Der Vortrag von Prof. Dr. Dr. Nele Noesselt, Lehrstuhlinhaberin der Politikwissenschaft (Schwerpunkt China/Ostasien) an der Universität Duisburg-Essen, am 11. April im Konfuzius-Institut in Nürnberg erklärte die Ideen und Strategien, die der chinesischen Konzeption der Seidenstraße des 21. Jahrhunderts unterliegen, und beleuchtete ausgewählte Stränge der innerchinesischen Expertendebatten. Eine "globale" Positionierung Chinas bedingt auch eine Readjustierung der offiziellen außenpolitischen Strategie, die bislang auf außenpolitischem Understatement (taoguang yanghui-Formel) beruht hatte. Doch eben diese theoretische Neukonzeption sorgt für heftige Kontroversen. Auch auf philosophischer Ebene wird die "Neue Seidenstraße" debattiert – mit Blick auf Ordnungskonzepte und Interaktionsprinzipien, bei denen auf Grundüberlegungen der vormodernen chinesischen Staats- (und Welt-)Philosophie zurückgegriffen wird. Prof. Dr. Dr. Noesselt versuchte in ihren Ausführungen Antworten auf Fragen, beispielsweise wie Chinas regionale Nachbarn und Kooperationspartner auf die hier entworfene Weltordnung reagieren und inwiefern der Eintritt in das Netzwerk eine Übernahme chinesischer Normen und Werte erfordert, zu finden.

Nele Noesselt studierte Sinologie und Politische Wissenschaft in Heidelberg, Peking und Wien. Nach ihrer Promotion 2009 im Fach Sinologie arbeitete sie bis 2011 als akademische Rätin mit dem Schwerpunkt Chinesische Politik an der Universität Göttingen. 2012 folgte die Promotion im Fach Politikwissenschaft.

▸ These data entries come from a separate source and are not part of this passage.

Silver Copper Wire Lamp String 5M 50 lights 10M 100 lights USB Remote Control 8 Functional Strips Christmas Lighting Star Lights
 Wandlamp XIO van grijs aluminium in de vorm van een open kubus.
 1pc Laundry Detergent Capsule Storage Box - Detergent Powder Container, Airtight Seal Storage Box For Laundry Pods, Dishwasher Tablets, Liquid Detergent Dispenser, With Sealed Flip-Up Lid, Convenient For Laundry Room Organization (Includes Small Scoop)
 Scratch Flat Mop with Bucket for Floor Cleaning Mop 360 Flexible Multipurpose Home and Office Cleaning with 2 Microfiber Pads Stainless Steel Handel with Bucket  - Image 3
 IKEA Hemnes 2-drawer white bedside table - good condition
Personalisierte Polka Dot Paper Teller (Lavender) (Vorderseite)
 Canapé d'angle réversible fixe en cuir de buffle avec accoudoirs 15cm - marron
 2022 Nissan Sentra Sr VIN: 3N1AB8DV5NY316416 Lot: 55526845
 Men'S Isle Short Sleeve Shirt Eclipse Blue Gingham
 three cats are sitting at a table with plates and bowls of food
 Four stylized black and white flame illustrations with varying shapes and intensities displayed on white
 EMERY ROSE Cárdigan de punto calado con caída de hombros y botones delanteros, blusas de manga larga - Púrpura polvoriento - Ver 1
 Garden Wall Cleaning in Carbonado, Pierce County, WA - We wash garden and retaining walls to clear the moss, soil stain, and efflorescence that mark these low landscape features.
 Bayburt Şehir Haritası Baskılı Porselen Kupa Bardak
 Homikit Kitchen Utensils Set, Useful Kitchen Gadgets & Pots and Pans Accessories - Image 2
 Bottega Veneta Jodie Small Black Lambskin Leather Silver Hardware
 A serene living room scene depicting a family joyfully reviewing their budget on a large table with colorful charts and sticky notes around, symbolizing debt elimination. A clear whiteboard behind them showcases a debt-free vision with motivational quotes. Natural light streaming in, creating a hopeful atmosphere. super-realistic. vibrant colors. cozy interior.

Von 2011 bis 2015 war sie als Research Fellow am GIGA Institut für Asienstudien in Hamburg tätig, wo sie auch als Sprecherin des GIGA Forschungsteams Komparative Regionalismusstudien fungierte und dem Editorial Team des Journal of Current Chinese Affairs angehörte. Nach ihrer Habilitation in Politikwissenschaft ist sie seit November 2015 Inhaberin des Lehrstuhls für Politikwissenschaft (W3) mit dem Schwerpunkt China/Ostasien an der Universität Duisburg-Essen.

Aktuelle Publikation:
Noesselt, Nele (2016), Chinesische Politik: Nationale und globale Dimensionen. Baden-Baden: Nomos (UTB Studienkurs Politikwissenschaft).